To solve the given initial value problem:

$(1 - 3t) \frac{dy}{dt} - y = 0, \quad y(2) = -6$

we proceed step by step.

Step 1: Rearranging the Equation

We can rewrite the equation in a form that is easier to handle. Begin by isolating the derivative $\frac{dy}{dt}$:

$(1 - 3t) \frac{dy}{dt} = y$

$\frac{dy}{dt} = \frac{y}{1 - 3t}$

This is a separable differential equation, so we can separate the variables $y$ and $t$.

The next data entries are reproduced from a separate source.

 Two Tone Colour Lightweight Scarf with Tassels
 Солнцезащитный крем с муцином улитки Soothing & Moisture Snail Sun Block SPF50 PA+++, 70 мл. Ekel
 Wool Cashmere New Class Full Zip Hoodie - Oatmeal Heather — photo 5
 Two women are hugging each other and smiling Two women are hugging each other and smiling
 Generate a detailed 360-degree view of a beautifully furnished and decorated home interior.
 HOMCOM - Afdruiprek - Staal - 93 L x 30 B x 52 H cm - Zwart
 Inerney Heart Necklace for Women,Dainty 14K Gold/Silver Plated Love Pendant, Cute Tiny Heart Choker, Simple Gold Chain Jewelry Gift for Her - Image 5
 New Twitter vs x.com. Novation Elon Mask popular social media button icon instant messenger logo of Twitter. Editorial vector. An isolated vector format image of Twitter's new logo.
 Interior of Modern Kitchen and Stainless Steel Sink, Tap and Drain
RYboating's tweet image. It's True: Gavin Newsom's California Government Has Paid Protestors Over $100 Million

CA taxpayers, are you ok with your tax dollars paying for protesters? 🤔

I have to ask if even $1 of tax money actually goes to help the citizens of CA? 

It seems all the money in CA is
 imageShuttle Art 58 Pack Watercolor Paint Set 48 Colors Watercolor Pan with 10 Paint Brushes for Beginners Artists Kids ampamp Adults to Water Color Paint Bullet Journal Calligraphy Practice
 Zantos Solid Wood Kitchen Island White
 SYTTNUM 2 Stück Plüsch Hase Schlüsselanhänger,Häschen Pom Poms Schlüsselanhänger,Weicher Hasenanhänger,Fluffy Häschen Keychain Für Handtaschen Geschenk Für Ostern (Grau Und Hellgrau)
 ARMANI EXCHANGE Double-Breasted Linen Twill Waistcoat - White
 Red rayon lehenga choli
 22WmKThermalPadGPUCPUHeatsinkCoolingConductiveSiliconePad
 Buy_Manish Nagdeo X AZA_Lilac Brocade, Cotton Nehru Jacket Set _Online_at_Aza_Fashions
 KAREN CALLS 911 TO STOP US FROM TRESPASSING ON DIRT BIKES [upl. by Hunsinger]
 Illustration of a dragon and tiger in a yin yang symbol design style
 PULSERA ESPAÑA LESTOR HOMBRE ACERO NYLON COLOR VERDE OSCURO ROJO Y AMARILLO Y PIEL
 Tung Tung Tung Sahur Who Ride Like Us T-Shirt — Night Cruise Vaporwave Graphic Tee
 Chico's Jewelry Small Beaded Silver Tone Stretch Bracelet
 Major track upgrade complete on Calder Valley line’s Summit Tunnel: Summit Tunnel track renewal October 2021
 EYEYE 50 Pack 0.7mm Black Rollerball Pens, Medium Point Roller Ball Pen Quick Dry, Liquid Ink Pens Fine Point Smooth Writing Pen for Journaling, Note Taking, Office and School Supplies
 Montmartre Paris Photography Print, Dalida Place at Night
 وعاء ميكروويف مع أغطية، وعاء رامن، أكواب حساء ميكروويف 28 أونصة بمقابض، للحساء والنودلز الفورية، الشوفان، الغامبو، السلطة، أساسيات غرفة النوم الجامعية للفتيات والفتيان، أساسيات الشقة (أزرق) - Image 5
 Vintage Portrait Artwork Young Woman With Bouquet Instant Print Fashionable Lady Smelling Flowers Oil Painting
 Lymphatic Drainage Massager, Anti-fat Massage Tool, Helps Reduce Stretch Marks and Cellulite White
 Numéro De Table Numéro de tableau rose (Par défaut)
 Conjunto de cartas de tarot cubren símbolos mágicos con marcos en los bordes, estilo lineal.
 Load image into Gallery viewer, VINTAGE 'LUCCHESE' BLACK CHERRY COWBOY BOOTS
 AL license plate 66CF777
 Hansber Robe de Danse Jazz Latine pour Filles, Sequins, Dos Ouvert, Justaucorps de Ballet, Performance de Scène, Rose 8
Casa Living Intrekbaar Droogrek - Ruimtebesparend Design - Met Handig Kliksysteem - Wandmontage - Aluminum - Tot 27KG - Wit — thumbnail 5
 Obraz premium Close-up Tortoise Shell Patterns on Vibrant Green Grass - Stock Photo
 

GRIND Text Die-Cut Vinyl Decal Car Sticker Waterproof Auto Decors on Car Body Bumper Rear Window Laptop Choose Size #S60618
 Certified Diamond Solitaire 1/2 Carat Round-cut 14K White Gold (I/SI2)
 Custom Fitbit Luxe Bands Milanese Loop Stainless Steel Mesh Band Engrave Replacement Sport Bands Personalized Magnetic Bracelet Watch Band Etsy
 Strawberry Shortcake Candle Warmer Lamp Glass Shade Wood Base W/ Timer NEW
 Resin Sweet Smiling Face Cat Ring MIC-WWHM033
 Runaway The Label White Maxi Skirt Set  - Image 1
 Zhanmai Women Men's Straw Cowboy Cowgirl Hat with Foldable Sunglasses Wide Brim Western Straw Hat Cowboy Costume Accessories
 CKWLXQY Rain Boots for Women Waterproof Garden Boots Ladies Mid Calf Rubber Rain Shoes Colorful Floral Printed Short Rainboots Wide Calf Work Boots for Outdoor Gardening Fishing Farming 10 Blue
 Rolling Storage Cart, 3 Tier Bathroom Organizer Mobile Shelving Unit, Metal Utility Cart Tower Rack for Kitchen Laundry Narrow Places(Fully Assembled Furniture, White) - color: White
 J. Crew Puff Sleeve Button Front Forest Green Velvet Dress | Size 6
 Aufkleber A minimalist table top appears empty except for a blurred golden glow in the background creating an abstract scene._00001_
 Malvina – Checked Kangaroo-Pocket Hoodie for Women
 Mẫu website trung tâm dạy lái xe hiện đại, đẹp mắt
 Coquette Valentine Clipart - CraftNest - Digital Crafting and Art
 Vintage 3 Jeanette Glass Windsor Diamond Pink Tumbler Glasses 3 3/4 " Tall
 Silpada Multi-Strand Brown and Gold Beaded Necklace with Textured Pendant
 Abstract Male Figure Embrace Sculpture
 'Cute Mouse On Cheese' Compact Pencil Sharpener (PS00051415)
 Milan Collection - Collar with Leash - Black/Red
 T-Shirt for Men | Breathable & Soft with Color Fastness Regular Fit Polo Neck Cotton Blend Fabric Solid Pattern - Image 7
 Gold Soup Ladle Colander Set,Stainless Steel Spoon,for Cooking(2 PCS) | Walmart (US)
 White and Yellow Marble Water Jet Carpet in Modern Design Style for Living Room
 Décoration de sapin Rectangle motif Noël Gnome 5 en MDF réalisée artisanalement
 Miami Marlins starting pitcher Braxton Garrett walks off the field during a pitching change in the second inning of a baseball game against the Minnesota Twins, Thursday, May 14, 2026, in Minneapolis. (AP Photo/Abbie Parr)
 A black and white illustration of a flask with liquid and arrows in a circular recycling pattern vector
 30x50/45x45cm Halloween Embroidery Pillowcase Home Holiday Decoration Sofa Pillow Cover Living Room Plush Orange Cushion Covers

Step 2: Separating Variables

We rearrange the equation to separate the variables:

$\frac{dy}{y} = \frac{dt}{1 - 3t}$

Step 3: Integrating Both Sides

Now, we integrate both sides:

$\int \frac{1}{y} \, dy = \int \frac{1}{1 - 3t} \, dt$

The integral on the left-hand side is straightforward:

$\ln|y| = \int \frac{1}{1 - 3t} \, dt$

For the integral on the right-hand side, use substitution. Let $u = 1 - 3t$, so $du = -3dt$, and $dt = -\frac{du}{3}$.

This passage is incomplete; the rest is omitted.